3 volumes, folio (288 x 190mm). Volume 1 complete with the voyage to Cadiz that starts on Eee4 and ends on Fff4, with Fff4v blank, woodcut head- and tailpieces and initials (title to vol. 1 with tiny marginal tear and some light brown staining, this extending through to the following three leaves, occasional light spotting, sometimes obscuring a few letters, occasional light dampstaining, mainly confined to margins, leaves Eee6 in vol. 1 and Rrr4 in vol. 2 with a couple of tiny holes with loss of a couple of letters, a few tiny wormholes in vol. 3 to gathering Aaaa6 through to endwith associated loss of a few letters.
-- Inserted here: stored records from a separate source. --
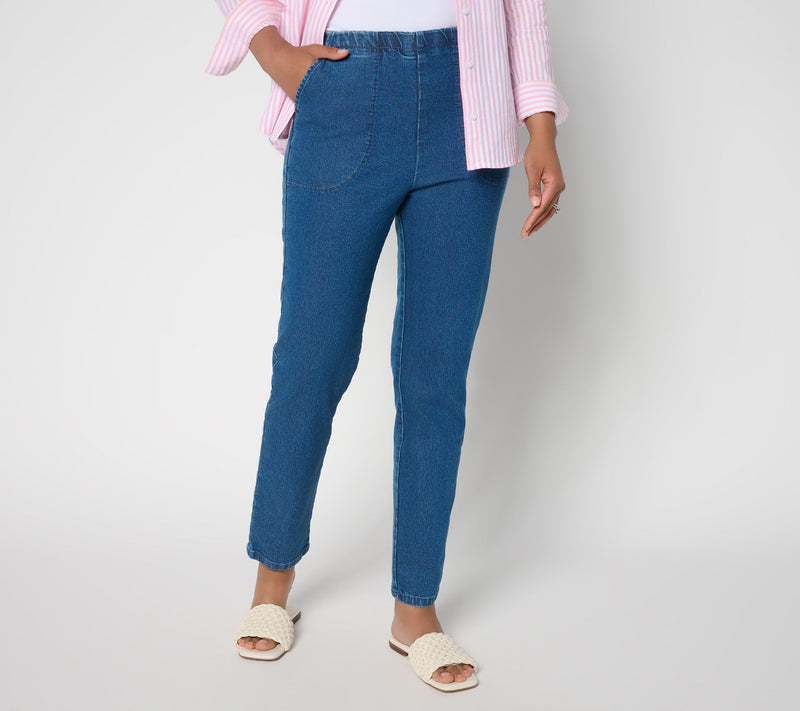 Denim & Co. Petite Indigo Flat Front Denim Side Pocket Pant — View 5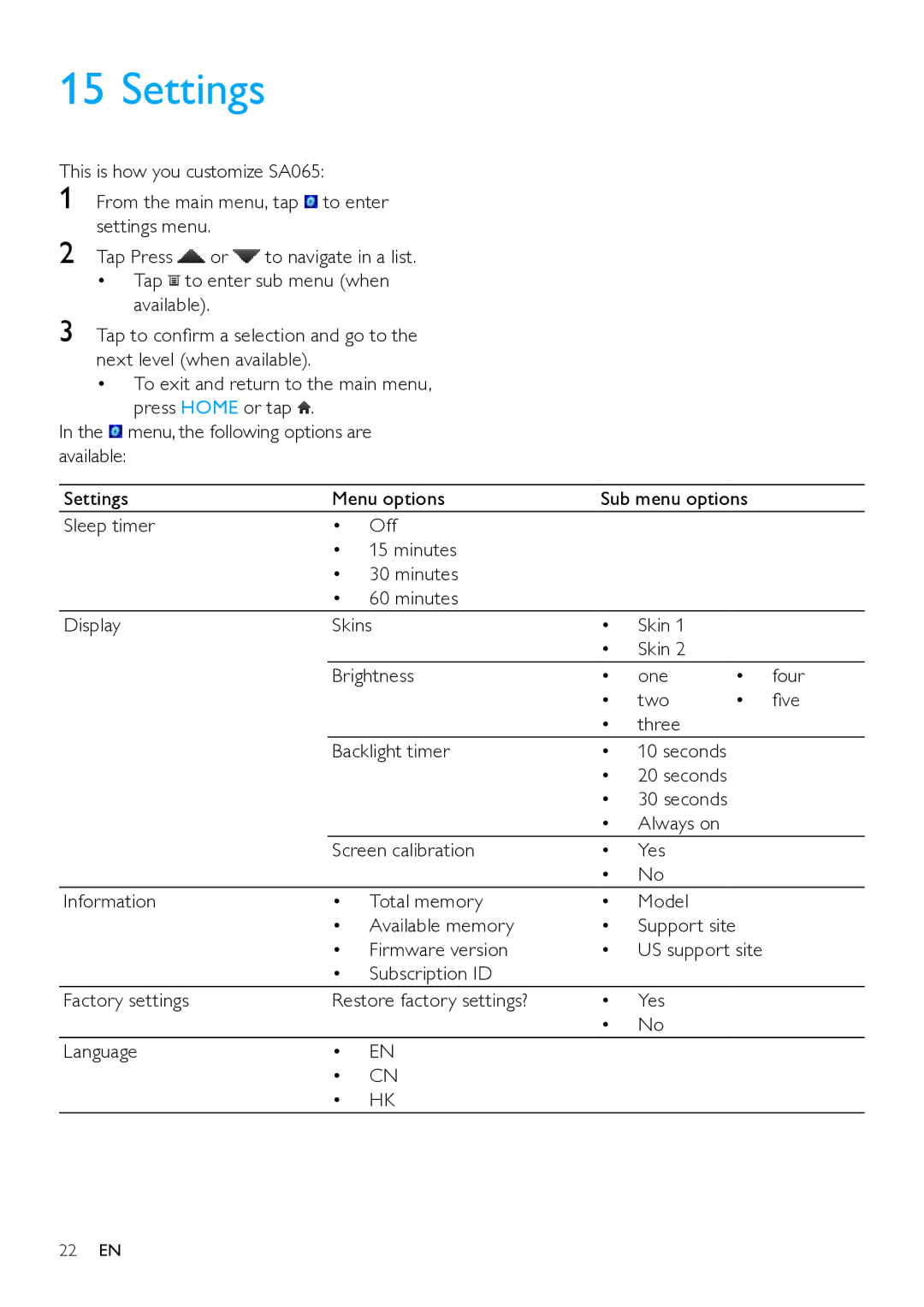 Philips SA65108, SA065104 user manual Settings 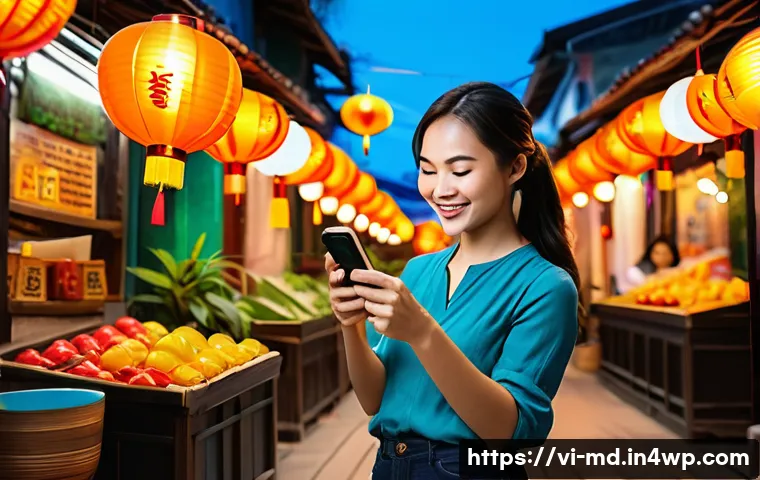 소셜 증명과 개인정보 보호의 필요성 - A vibrant Vietnamese digital marketplace scene showcasing a small local business owner happily engag...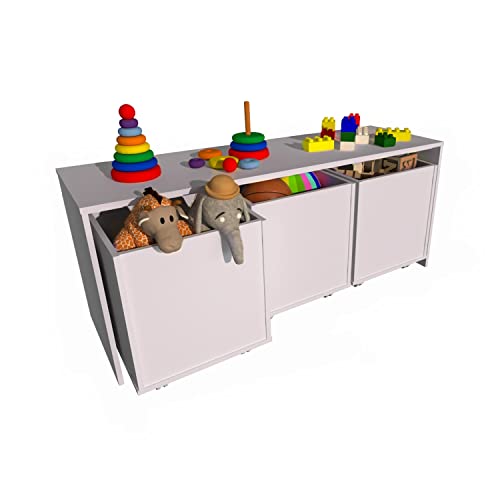 Mesa Rack com Baús Organizadores de Brinquedos 100% MDF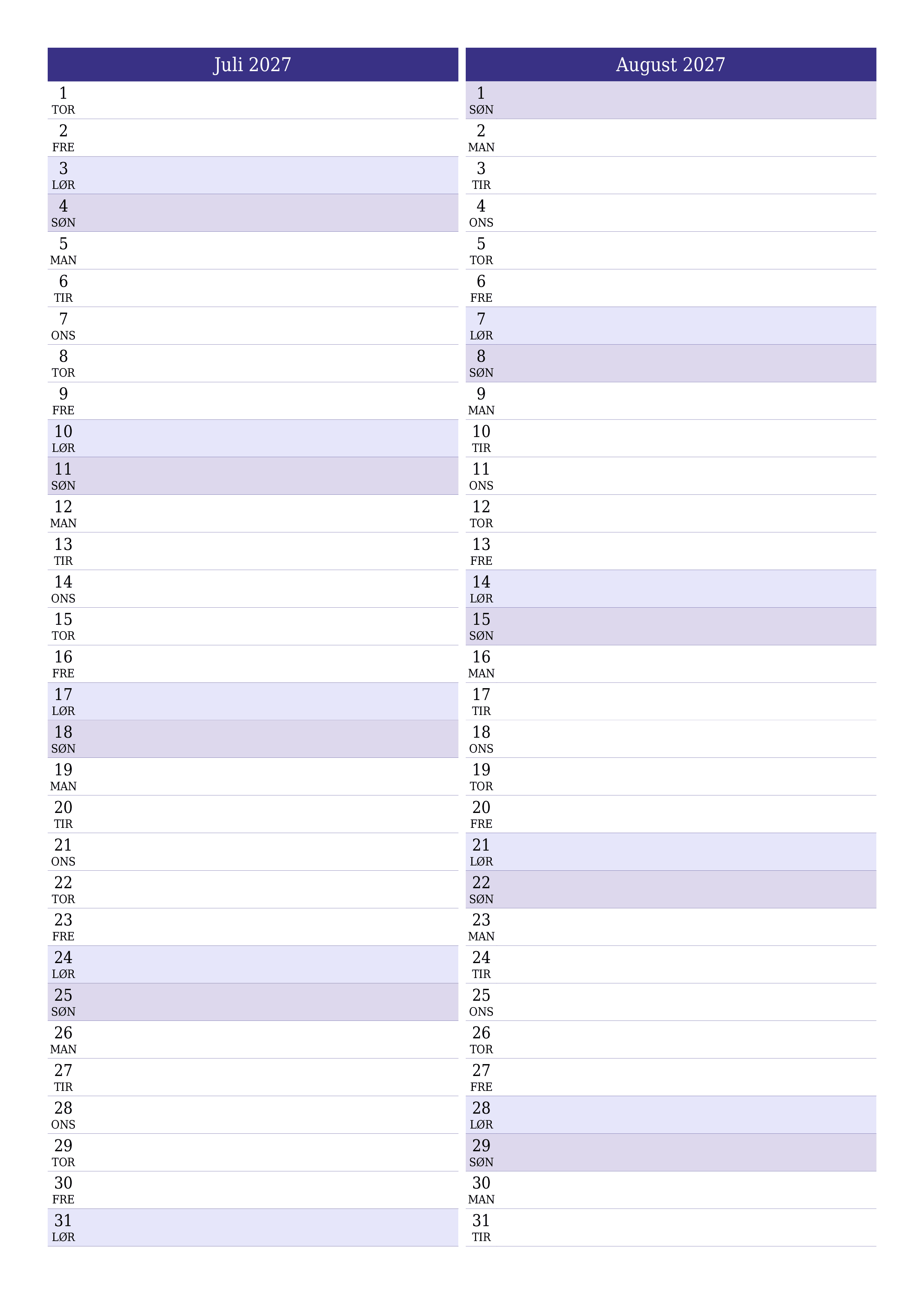 Tom månedlig planlægning for måned Juli 2027 med noter, gem og udskriv til PDF PNG Danish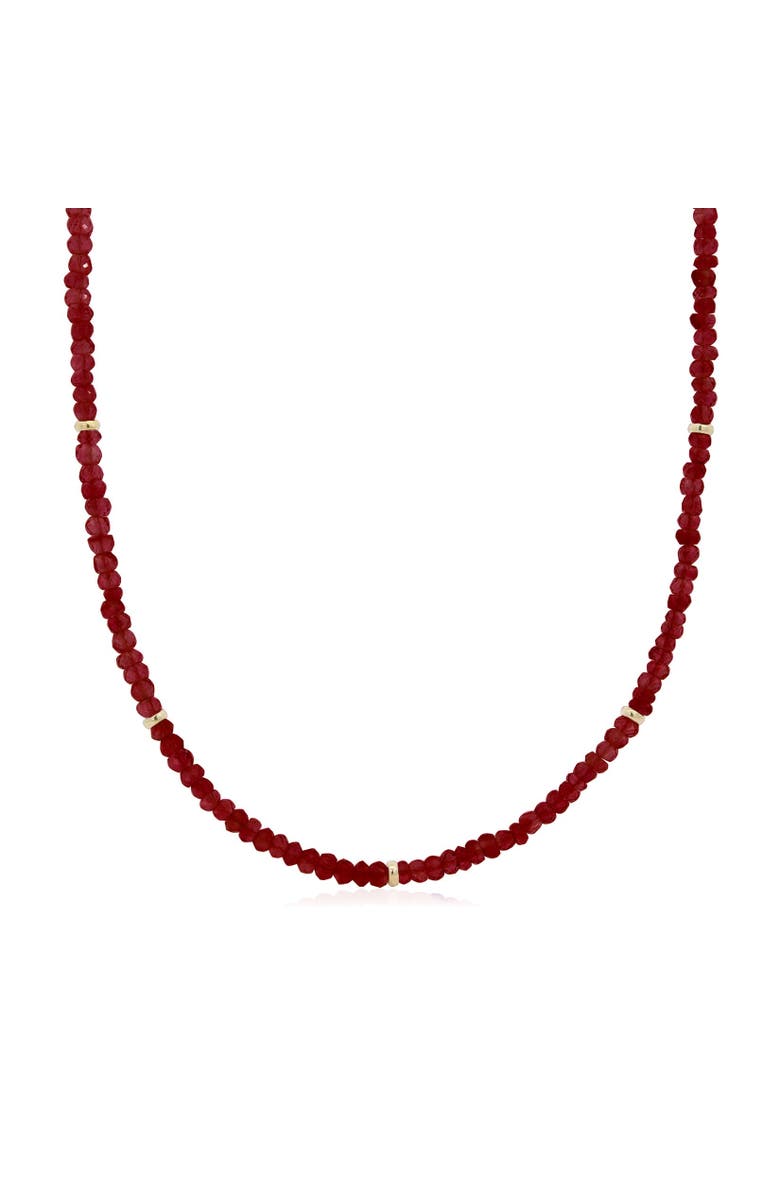 The Lovery Fine Jewelry Garnet Bead Necklace, Main, color, Garnet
This set is without the world map, as usual; according to Pforzheimer it was not issued with all copies). A matched set bound uniformly using old russia to style, vols 1-2 with marbled edges, vol. 3 with plain edges (extremities faintly rubbed). Provenance: early ink inscriptions on title of vol. 1 – Thomas Stewart (Knight of Jerusalem, ink ownership inscriptions dated 1842 to titles of vols 1 and 2) – Lord Barding (ink ownership inscription in vol. 3 dated 1738).